Quando non c’è che la bici. Una bici per andare a lavorare, una bici per andare a studiare, una bici per andare a casa, o semplicemente una bici per cercare tutto questo, lavoro studio casa. Una bici per cominciare a vivere e, nel loro caso, per ricominciare a vivere.
Migranti. Indiani nell’agro pontino. Ottant’anni fa gli emigranti nell’agro pontino erano italiani. Gli italiani, allora, a bonificare, gli indiani, oggi, a coltivare. Campi e campagna per campare. Spezzandosi la schiena. Ma questa è la vita, la terra è bassa, a qualsiasi latitudine.
Era il 2013 quando Filippo Trojano, romano, scattò la prima fotografia – quattro indiani, sotto la pioggia di marzo, in bicicletta -, il primo di duecento ritratti dedicati a questi migranti del Punjab, in particolare a quelli che abitavano in una specie di ghetto sulla litoranea. Le fotografie sono diventate prima una mostra, poi, selezionatissime, un libro.
Copertina fucsia di seta. Titolo: “Mandeep e altri racconti”. Sessantaquattro pagine, quaranta fotografie, una mappa, i testi di Augusto Pieroni e dello stesso Trojano, la cura di Enrico Delogu, l’edizioni Punctum di Roma. Quattrocento copie, una regalata da Trojano a me, destinata alla Biblioteca della bicicletta Lucos Cozza.
Gli uomini (ma ci sono anche alcune donne e bambini) non hanno bisogno di testo né di didascalie. Fieri, orgogliosi, pacifici, forti, segnati ma non piegati dalle disavventure e dai sacrifici, raccontano silenziosamente le loro storie fatte di viaggi, stenti, speranze. Le biciclette sono tutto meno che da corsa: da uomo, da donna, da passeggio, mountain bike poco agonistiche, sanno tutte di ricicli, risparmi, riparazioni, anche vita comunitaria, soprattutto quella bicicletta da bambino, anzi, da bambini, tre, contemporaneamente.

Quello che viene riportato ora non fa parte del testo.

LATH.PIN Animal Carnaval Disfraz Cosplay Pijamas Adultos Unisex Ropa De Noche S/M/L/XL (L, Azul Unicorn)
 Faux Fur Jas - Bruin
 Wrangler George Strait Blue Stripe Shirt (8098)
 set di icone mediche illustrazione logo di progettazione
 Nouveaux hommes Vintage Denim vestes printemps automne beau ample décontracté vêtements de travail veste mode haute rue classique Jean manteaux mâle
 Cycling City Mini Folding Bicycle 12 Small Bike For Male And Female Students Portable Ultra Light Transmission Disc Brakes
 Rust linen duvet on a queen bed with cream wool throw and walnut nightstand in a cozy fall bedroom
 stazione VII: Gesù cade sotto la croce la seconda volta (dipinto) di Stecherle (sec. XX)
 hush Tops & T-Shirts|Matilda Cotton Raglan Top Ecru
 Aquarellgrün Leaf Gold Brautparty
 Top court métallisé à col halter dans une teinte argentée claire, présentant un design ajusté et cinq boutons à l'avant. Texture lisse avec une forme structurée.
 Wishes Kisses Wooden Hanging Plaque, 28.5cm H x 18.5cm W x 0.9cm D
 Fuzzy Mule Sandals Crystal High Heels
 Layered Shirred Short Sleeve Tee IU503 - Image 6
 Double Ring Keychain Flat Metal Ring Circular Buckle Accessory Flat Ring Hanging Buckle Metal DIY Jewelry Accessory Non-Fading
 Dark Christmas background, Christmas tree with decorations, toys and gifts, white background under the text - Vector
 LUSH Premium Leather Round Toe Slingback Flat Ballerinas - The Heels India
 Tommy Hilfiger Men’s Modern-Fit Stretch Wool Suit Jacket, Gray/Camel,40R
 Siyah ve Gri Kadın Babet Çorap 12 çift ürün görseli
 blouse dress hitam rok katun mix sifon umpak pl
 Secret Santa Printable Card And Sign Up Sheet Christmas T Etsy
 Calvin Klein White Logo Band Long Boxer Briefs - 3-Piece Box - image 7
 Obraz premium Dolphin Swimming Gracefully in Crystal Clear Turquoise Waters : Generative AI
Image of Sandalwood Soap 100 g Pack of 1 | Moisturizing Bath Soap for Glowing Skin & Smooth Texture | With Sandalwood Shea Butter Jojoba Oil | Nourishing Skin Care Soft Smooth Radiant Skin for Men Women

Ma una bici non serve solo ad andare e venire, andare e tornare, andare e cercare sperando di trovare. Una bici serve per sognare. Gli indiani, che sognano una nuova vita, e a distanza di anni chissà che non l’abbiano finalmente raggiunta con la dignità che si meritano. Ma anche lo stesso Trojano che, con l’inquietudine di chi cerca la verità a parole o a immagini, vuole raccontare la vita.